Showing posts with label 8 weeks pregnant. Show all posts
Showing posts with label 8 weeks pregnant. Show all posts
Sunday, 29 May 2016
10 Weeks Pregnant - Baby Number 2.
Due Date:
Still 01 November 2016
Symptoms:
To be honest, this week hasn't been too bad. On Monday, I was sick before work and I felt pretty rubbish all day, well in to the evening. Alfie had been poorly with a cough and cold and had been up quite a lot in the night and ended up in our bed, so I was extremely tired, which I think made the sickness worse.
I'm still feeling really tired and I'm totally off food still, but I'm just relieved not to have suffered too badly with sickness this week and having a few days with no sickness has been a welcome break.
How is baby?
The baby's heart is now fully formed and it's heart will be beating two or three times faster than mine.
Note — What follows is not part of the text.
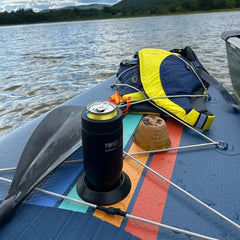 paddle board with an insulated can cooler and locking cup holder attached.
The jaw is also starting to form, with all the milk teeth, which we won't start to see until around 6 months old. Fingers and toes are no longer webbed and the baby can move it's arms from the wrist and will be able to make little jerky movements. Amazing.
How I'm feeling?
Honestly? Not great. I remember reading a post by my lovely blogging friend Charlotte, before I was pregnant, where she talks about how grateful she is to be pregnant, but how hard she's finding it (you can read the post here) and I can totally relate to how she was feeling.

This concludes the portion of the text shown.